6 Episodes, 2 Discs Widescreen Edition (2010)
“The Jacksons, A Family Dynasty” is a six episode docu-series from A&E Television Networks with the four brothers as producers that blends a reality tv format with a documentary style and older footage of the Jackson 5. The series begins with the premise of the four brothers coming together to make an album to celebrate their 40th anniversary and the first episode was filmed before Michael Jackson’s death. The rest of the series explores the aftermath.
Each brother has issues. Jermaine is a diva who always wants to be out front getting attention and being the lead singer. He has a wife that he can’t express affection with on camera who does everything for him. Jackie is a cry baby and barely anything makes him break down. Marlon gets really excited when he comes up with something creatively but drags his feet so much that the brothers move on ahead without him and then he gets mad and leaves the group temporarily. Tito always tries to stay cool and funny in that hat and finally gets his own solo performance.
The early conflicts are whether to make the album, not messing with the standards and focusing on what their goals are and shunning the tabloids claiming they are making the album without Michael because of jealousy. All four claim not to be jealous of Michael’s career and that he wouldn’t be where he is (was) without them. It is awkward watching the casual beginnings of this series meant purely to give an insider look at the making of the album in hopes of capitalizing on the anniversary and attention given to Michael’s tour knowing that the tragedy hasn’t happened yet and how the direction of the series will change.
The innocent introduction of the second generation Jackson kids and displaying everyone hanging out together at family barbeques and calling Janet to wish her happy birthday is all very pleasant. They try to create some drama for the reality TV aspect with arguing while recording about who is being bossy and who is low energy and who is plain sloppy going sharp and flat. For four brothers who always talk about how well they get along, the cameras really liked to focus on any animosity they could get. Oh, no! Someone erased the session they did that wasn’t any good and it seems very petty making these legends into invented drama on all the other reality shows. One literally goes crying to their mother in very scripted sounding material to create an excuse to go back home to Gary, Indiana and relive some nostalgia and show how cramped their house was and how hard they had to work to get to where they were. Manufacturing drama where it doesn’t exist with fights about vocals and sports is ridiculous.
After Michael’s death, the series takes a big turn into more legitimate drama with paparazzi following them around and asking questions while they claim they just want to be left alone (but are all too happy to talk to press sometimes). It is unclear how much time has passed between the recording of the first episode and the rest, but after a few initial teary asides, they seem to be ready to move forward using the press to their advantage since their brother who was arguably the biggest star in the world passing puts them under a magnifying glass and gives them attention they wouldn’t have otherwise. They try to act doubtful or ashamed but at the end of the day, it’s a smart business decision just like this DVD set of this series. Capitalizing on the attention while it is there is the best thing they can do regardless of any moral opinions.

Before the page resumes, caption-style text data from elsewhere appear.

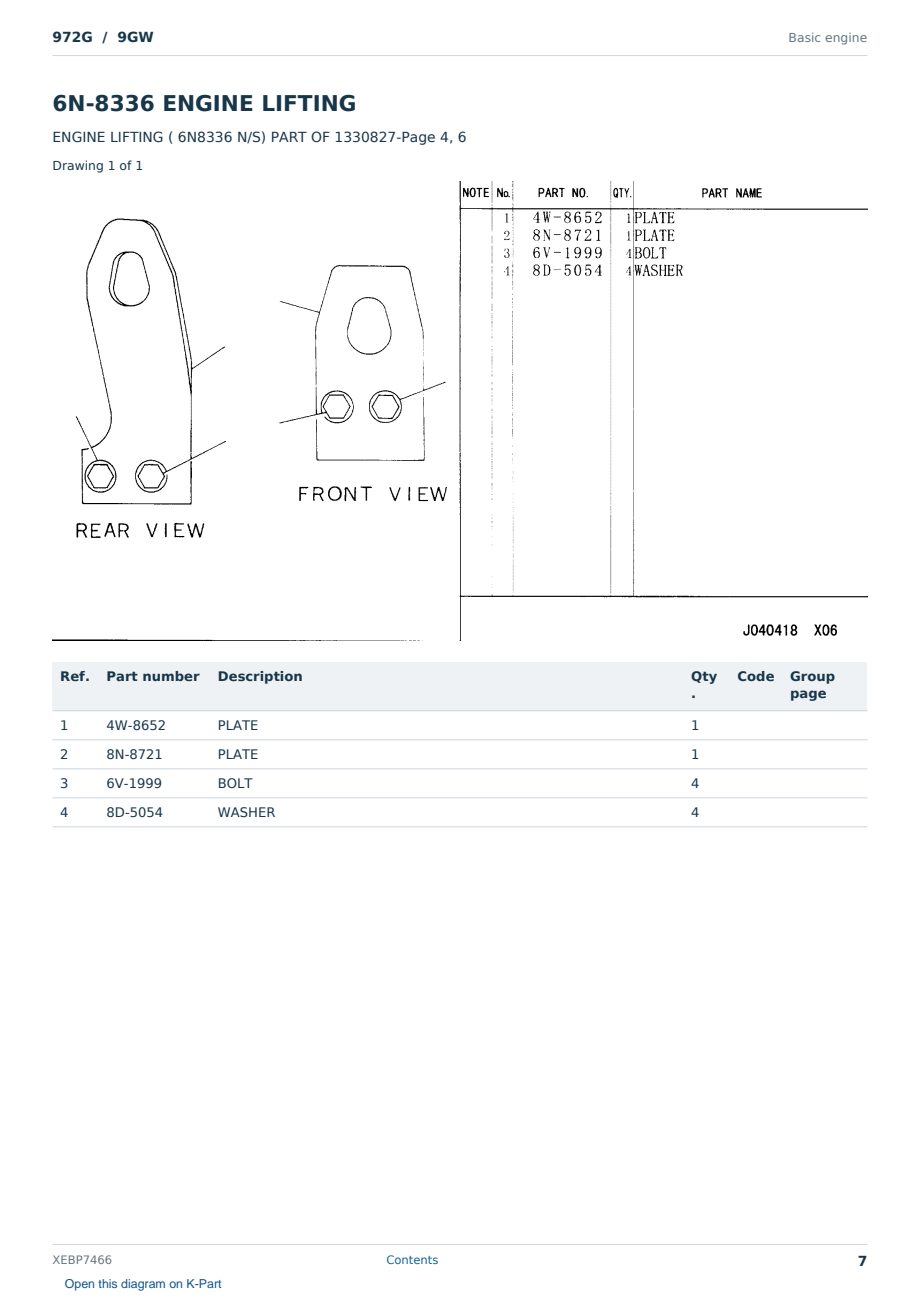 Caterpillar 972G S/N 9GW Partsbook XEBP7466 (English) - sample page 7 of 10 Caterpillar 972G S/N 9GW Partsbook XEBP7466 (English) - sample page 7 of 10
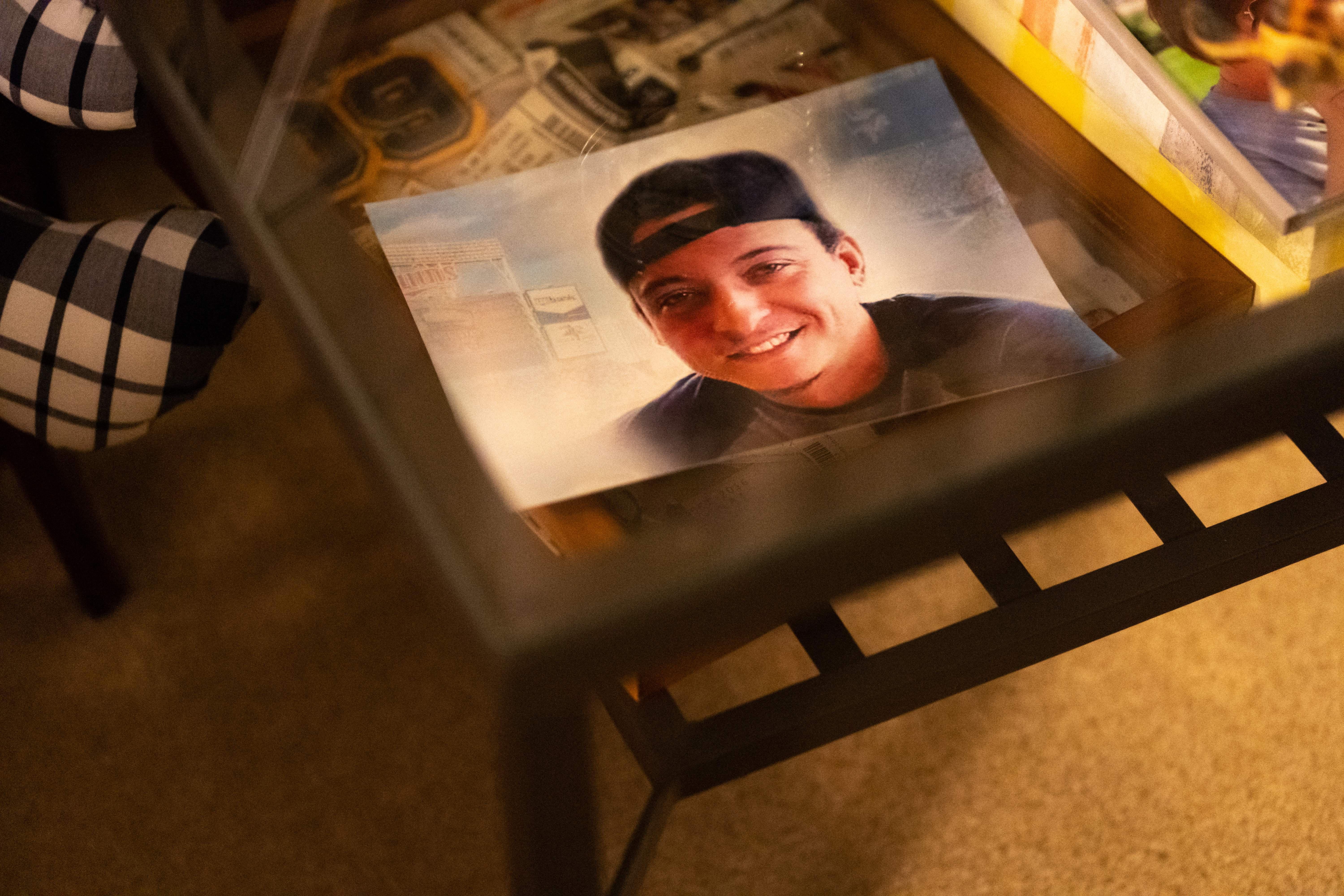 A picture of Alec on a coffee table
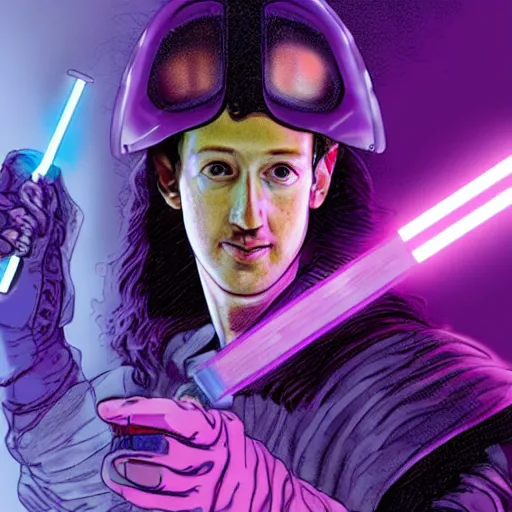 Prompt: Cyberpunk Mark Zuckerberg as a long haired medieval pilot wearing a transparent helmet while holding a purple lightsaber inside a medieval spaceship, by Diego Velázquez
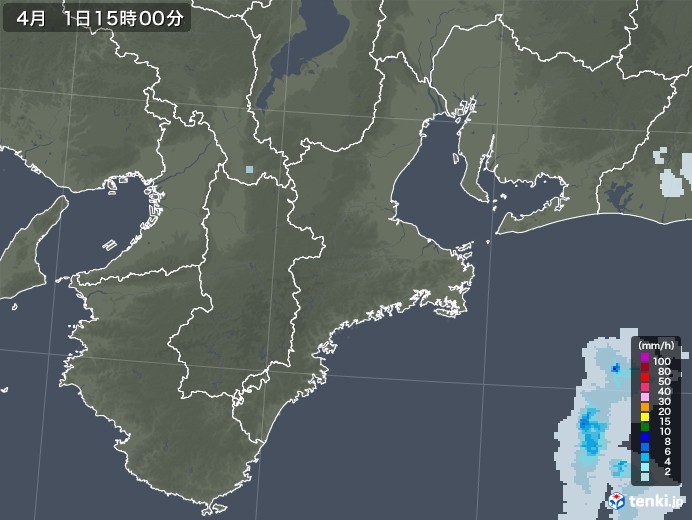 三重県の雨雲レーダー(2022年04月01日)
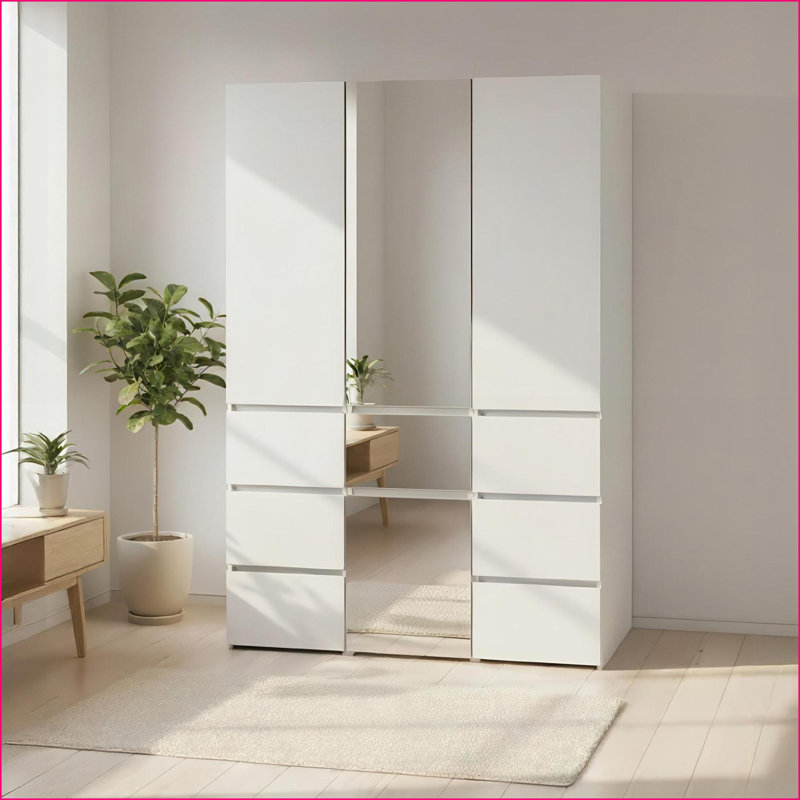 Système de garde-robe modulaire | Armoire en bois avec miroir Elise | Bois blanc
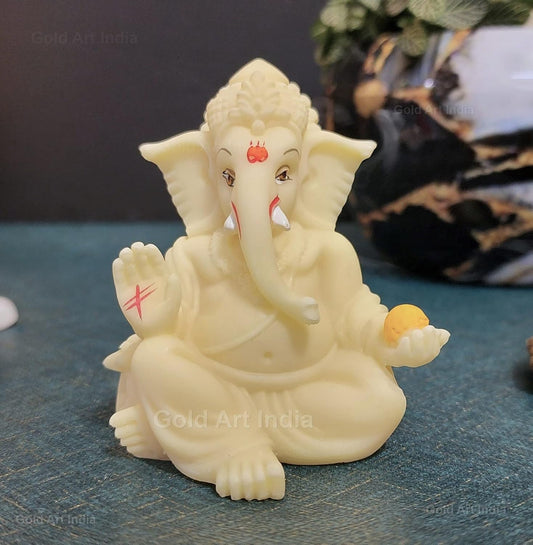 Gold Art India Gaddi Ganesha Premium polyresin Lord Ganesha for Car Dashboard Ganesha Ganpati Idol God of Success and Luck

The rest of the arc of the series consists of finding their sound by going back into record stores and admiring how many albums Michael and Janet had and getting asked for autographs. Jermaine goes off and tries to do a tribute concert without consulting the other brothers. After their initial grief, it goes right back to business as normal with arguments over who is at what concert or photo shoot and rehearsing and trying to create new songs that sound like their old sound but staying current. Hearing them bicker over who used to stand where is silly.
This series is a mix of an interesting look back into the past of a group that really shaped and influenced generations of music, but also an exploration of the backlash of fame for Michael and Janet affecting the other brothers not getting enough attention. The bickering seems juvenile and they capitalize on the attention they are getting by appearing in public and going to a musical show based on their past and going to the “This Is It” premiere and trying to put on tribute concerts. Having these group discussions in their kitchens and living rooms always feel like they have a bit of a scripted quality since they are probably going over information they’ve already shared off camera. It is occasionally a struggle not to look at the camera when they are having a “conversation” with each other. After breaking up and making up, they never accomplish anything through the course of the series except a vow to each other to work together creatively to finish that album…someday.